Welcome to WikidataDiffAnalyzer! The WikidataDiffAnalyzer is a Ruby gem that provides functionality to parse the differences between Wikidata revisions and extract statistics about the changes. It enables accurate analysis of Wikidata edits, such as counting the number of claims, qualifiers, references, aliases, labels, descriptions and site links added, removed, and changed. The stats for merge-to, merge-from, redirect, restore, undo and item-clearing are also returned. This gem has been developed to enhance Wikidata statistics on the Wiki Education Dashboard and Programs & Events Dashboard, but it can be utilized for various other purposes as well.
To install the WikidataDiffAnalyzer gem, add it to your Gemfile:
$ gem 'wikidata_diff_analyzer'
Then, run the following command:
$ bundle install
Alternatively, you can install it directly via:
$ gem install wikidata_diff_analyzer
The main method of this gem is WikidataDiffAnalyzer.analyze
, which receives an array of revision IDs and provides a comprehensive analysis of the differences among them.

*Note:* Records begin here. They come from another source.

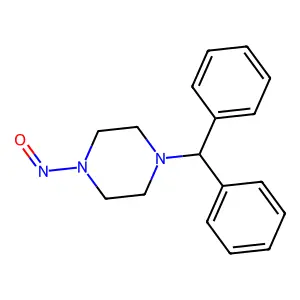 8-Fluoro-2-methylindolo(2,1-b)quinazoline-6,12-dione structure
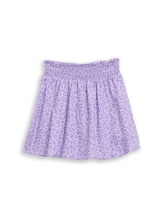 Geselecteerd, Minirok met luipaardprint door Tom Tailor, paars
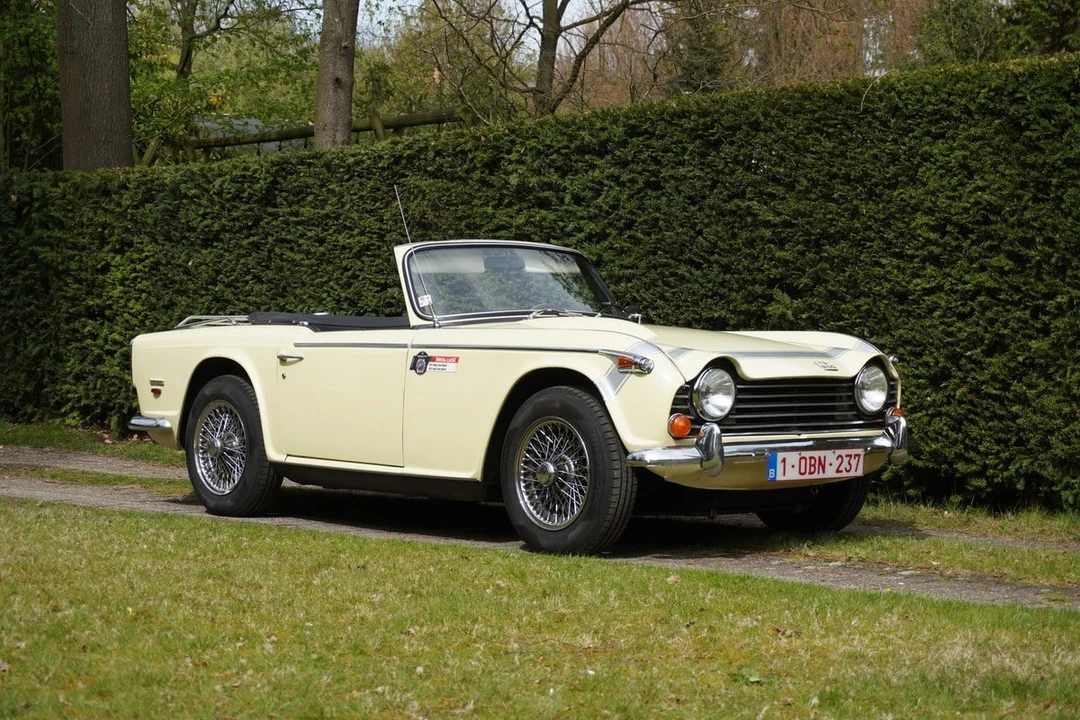 1968 Triumph TR5/TR250 - Image 6 of 31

The input should be an array of integers. Only the valid revision ids including first rev ids containing wikidata-item/wikidata-lexeme/wikidata-property revisions will be analyzed. Other revision ids (such as invalid revision IDs, revision IDs having deleted parent IDs, and revision ids having revisions of wikitext) will be returned as not-analyzed in this version.

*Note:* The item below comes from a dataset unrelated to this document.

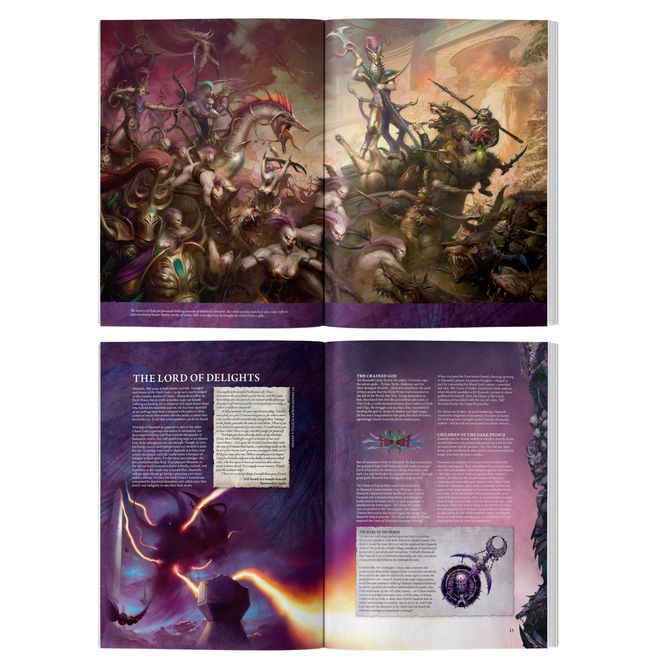 Battletome: Hedonites Of Slaanesh 2026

Let's look at an example with some real revision ids - You can look at the HTML version of the difference between the edits with their parent revision below:
- 0 (does not exist)
- 123 (First revision, considered everything as added)
- 622872009 (added 1 claim)
- 1902995129 (removed 1 claim, 1 reference, and 1 qualifier)

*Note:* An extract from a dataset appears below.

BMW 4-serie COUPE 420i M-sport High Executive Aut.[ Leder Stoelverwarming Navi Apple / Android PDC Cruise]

- 1903003546 (changed 1 claim, added 1 qualifier)
require 'wikidata_diff_analyzer'
revision_ids = [0, 123, 622872009, 1903003546, 1902995129]
result = WikidataDiffAnalyzer.analyze(revision_ids)
The output is a hash including the information below:
{
diffs_analyzed_count: 3,
diffs_not_analyzed: [0],
diffs: {123: {...}, 622872009: {...}, 1903003546: {...}, 1902995129: {...}},
total: {claims_added: 1, claims_removed: 1, claims_changed: 1 ...}
}
You can delve into the result as shown:
puts result[:diffs_analyzed_count] # Prints the count of analyzed diffs
puts result[:diffs_not_analyzed] # Prints the list of revision IDs not analyzed
puts result[:diffs] # Prints the detailed analysis of each diff (Key is the revision ID)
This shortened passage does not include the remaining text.